[Crawled caption data]
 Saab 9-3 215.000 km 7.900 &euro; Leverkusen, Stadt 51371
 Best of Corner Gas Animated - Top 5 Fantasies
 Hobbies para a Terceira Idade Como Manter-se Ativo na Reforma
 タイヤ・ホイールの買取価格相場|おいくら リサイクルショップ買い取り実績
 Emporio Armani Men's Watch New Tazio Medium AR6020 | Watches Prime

> [TASK PROMPT] Up to and including the last line above, starting with the line that contains "Best of Corner", return each line exactly and nothing else.

> [EXERCISE OUTPUT]
 Best of Corner Gas Animated - Top 5 Fantasies
 Hobbies para a Terceira Idade Como Manter-se Ativo na Reforma
 タイヤ・ホイールの買取価格相場|おいくら リサイクルショップ買い取り実績
 Emporio Armani Men's Watch New Tazio Medium AR6020 | Watches Prime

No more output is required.